Yoshitake Masuda 1,a, Toshio Itoh 1, Woosuck Shin 1, Kazumi Kato 1
PMCID: PMC4650807  PMID: 25993493

Abstract

A sensor has been developed for detecting 1-nonanal gas present in the breath of lung cancer patients by combining SnO2 nanosheets with SnO2 nanoparticles and noble metal catalysts. A significant change in the electrical resistance of this sensor was observed with increasing 1-nonanal gas concentration; the resistance decreased by a factor of 1.12 within the range of 1 to 10 ppm at 300 °C. The recovery of the sensor’s resistance after detecting 1-nonanal gas concentrations of 0.055, 0.18, 1, and 9.5 ppm was determined to be 86.1, 84.2, 80.4 and 69.2%, respectively. This high sensitivity is attributed to the accelerated oxidation of 1-nonanal molecules caused by the (101) crystal faces of the SnO2 nanosheets and should provide a simple and effective approach to the early detection of lung cancer.

Early detection is the best defence against lung cancer and is therefore of vital importance in the development of a simple exhaled breath analysis system for lung cancer detection1,2,3,4. It is known that the breath of lung cancer patients contains traces of 1-nonanal gas5, which as a by-product of the destruction of cell membranes, increases in concentration in relation to the damage caused by smoking6. Although this raises the possibility of creating 1-nonanal gas sensors for on-site monitoring in households for early detection, the difficulty of oxidizing a large molecule such as 1-nonanal creates a significant hurdle to the development of highly sensitive detector materials. A potential solution to this lies in the use of SnO2 particulate films, which have been successfully used in sensors for volatile organic compounds7,8,9,10,11 and combined with nanocarbon materials12,13 such as carbon nanotubes and graphene to create electronic gas sensors capable of functioning at room temperature. Indeed, the authors of this paper have recently reported a 1-nonanal gas sensor based on SnO214, in which concentration is determined from the change in the resistance of the sensor that is caused by 1-nonanal oxidizing to CO2 and H2O in the presence of a noble metal catalyst, thereby reducing the SnO2. The resulting movement of electrons from aldehyde groups of 1-nonanol back into the conduction band of SnO215 has the effect of reducing the depth of the space-charge region14, which along with the valence of the Sn, influences the sensitivity and response of the sensor. Thus, although a limited change in resistance has so far been achieved, greater optimisation of the structure should greatly increase the sensitivity of this detector material.
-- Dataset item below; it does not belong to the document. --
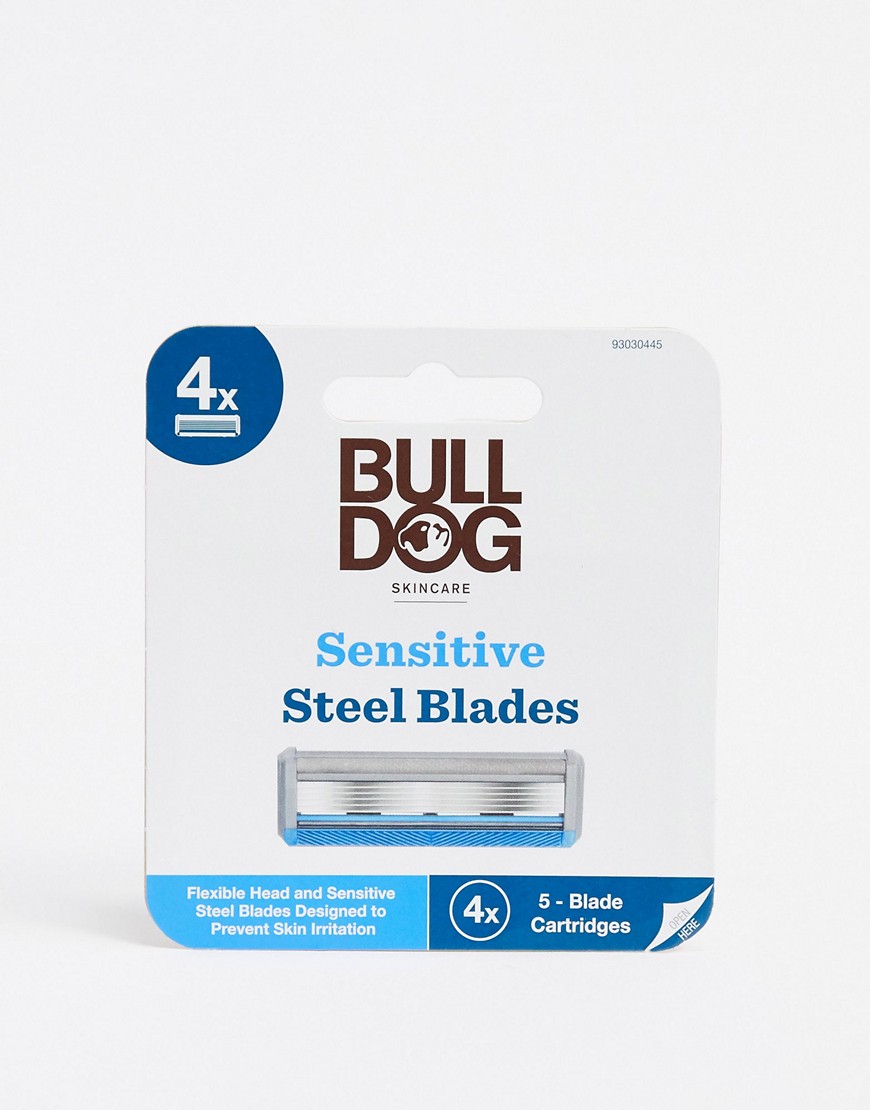 Bulldog – Sensitive Blades 4s – Rakblad-Ingen färg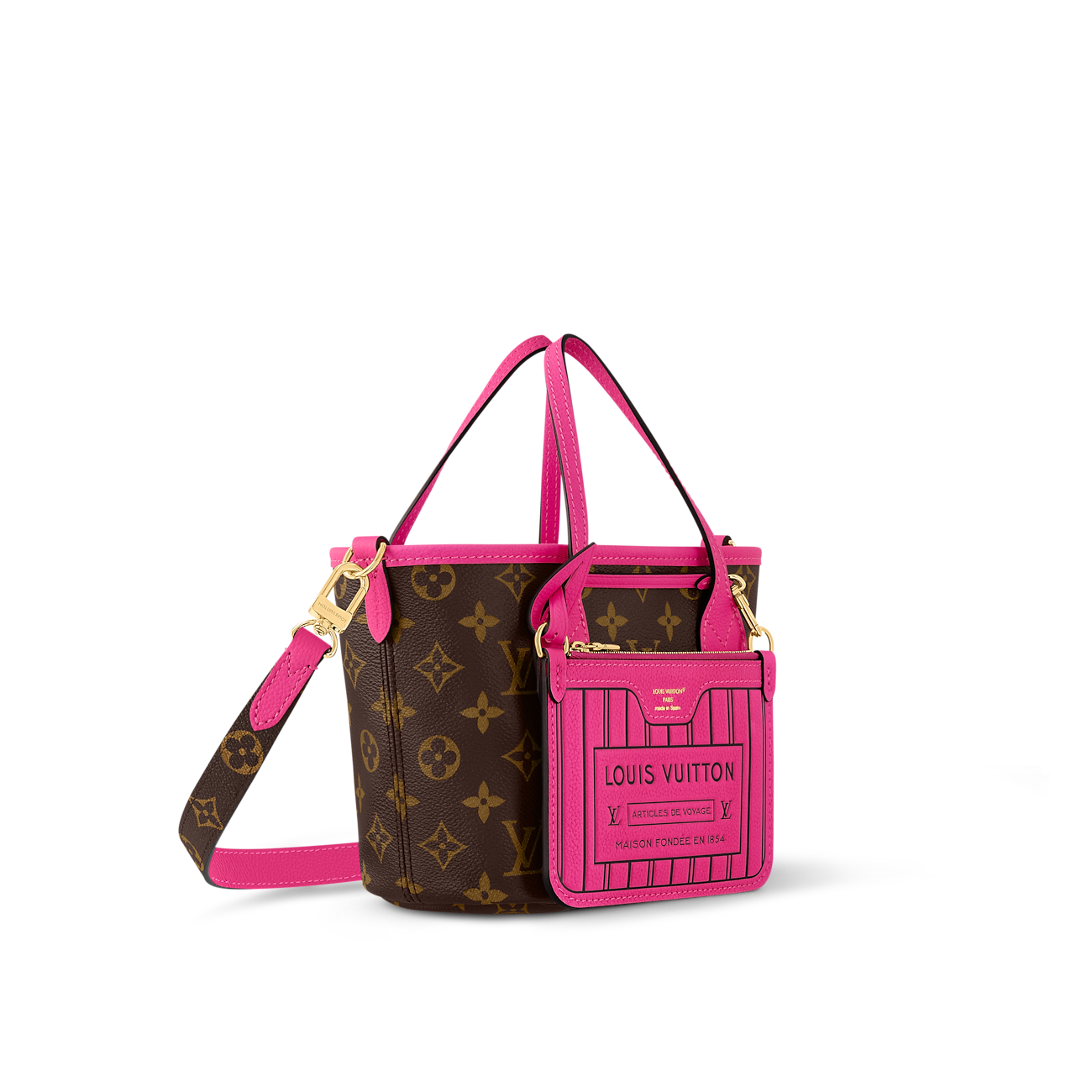 Sac Neverfull Bandoulière Inside Out BB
To this end, an improved SnO2 nanosheet detector for the detection of lung cancer16 has been developed that combines SnO2 nanosheets with SnO2 nanoparticles and noble metal catalysts, the sensing properties of which are herein discussed.

Methods

To create the 1-nonanal gas sensor, a silicon oxide layer 1000 nm in thickness was first thermally formed on a silicon substrate. Onto this, LaAlO3 layers several tens of nanometres in thickness were formed, followed by 300 nm-thick Pt inter-digital electrodes. To create the particulate SnO2 film containing noble metal catalysts, Pt, Au and Pd nanoparticles were first mixed with SnO2 particles several tens of nanometres in diameter to a SnO2:Pt:Au:Pd ratio of 97:1:1:1 by weight. These mixed particles were heated at 400 °C for 2 h, and then mixed with ethyl cellulose to form a colloidal solution that was pasted onto the substrates. After drying at 80 °C for 2 h, these were heated at 500 °C for 2 h to create a 3000 nm-thick SnO2 particulate film. This was exposed to ultraviolet light for 20 min under vacuum using a low-pressure mercury lamp (PL16-110, SEN Lights Co.) to create a hydrophilic surface. Finally, it was immersed in an aqueous solution17 containing SnF2 (5 mM) at 90 °C for 6 h to create a top layer of SnO2 nanosheets, then washed with running water and dried by blowing air. Fig. 1A provides a schematic view of the resulting structure. For comparison, nanosheet layers were also produced by 20 min, which has been demonstrated in a previous study18 to produce nanosheets of about 10–20 nm in width, 100 nm in length, and 5 nm in thickness; increasing to 5–10 nm in thickness and about 100–1600 nm in plane size after 24 h19.

Figure 1.

Figure 1

Open in a new tab

A: Schematic view of the reaction of a 1-nonanal molecule on a sensor consisting of SnO2 nanosheets, SnO2 nanoparticles, and noble metal catalysts. B: Schematic showing the layout of Pt inter-digital electrodes used in the sensor. C: FE-SEM images of the surface morphology of SnO2 particulate films with SnO2 nanosheets. (a1,a2) SnO2 particulate film. (b1,b2) SnO2 particulate film with SnO2 nanosheets formed after 20 min immersion in SnF2 solution. (c1,c2) SnO2 particulate film with SnO2 nanosheets formed after 6 h immersion.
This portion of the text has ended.